TASK REQUIREMENTS.
Every line below needs to be printed again exactly, without any of its pictures.

STORED DATA.

-- -- --

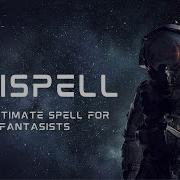 Unlocking The Power Of UNISPELL The Ultimate Spell For Fantasists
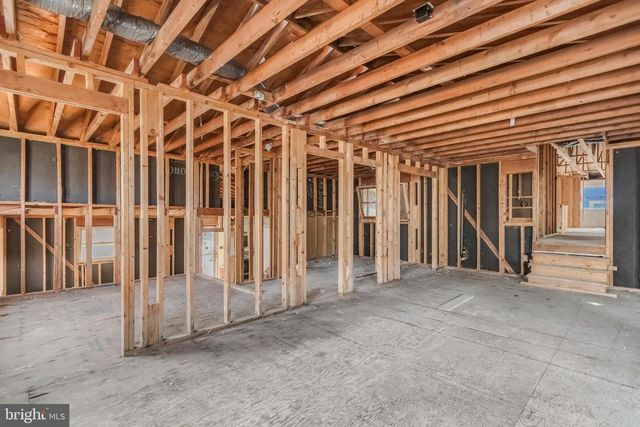 1254 WASHINGTON DR, Annapolis, MD 21403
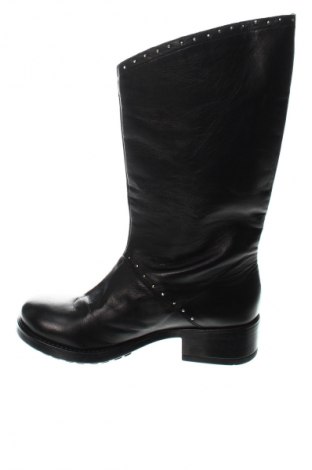 Damenstiefel Alesya, Größe 39, Farbe Schwarz, Preis € 104,99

-- -- --

ANSWER SPACE.
 Unlocking The Power Of UNISPELL The Ultimate Spell For Fantasists
 1254 WASHINGTON DR, Annapolis, MD 21403
 Damenstiefel Alesya, Größe 39, Farbe Schwarz, Preis € 104,99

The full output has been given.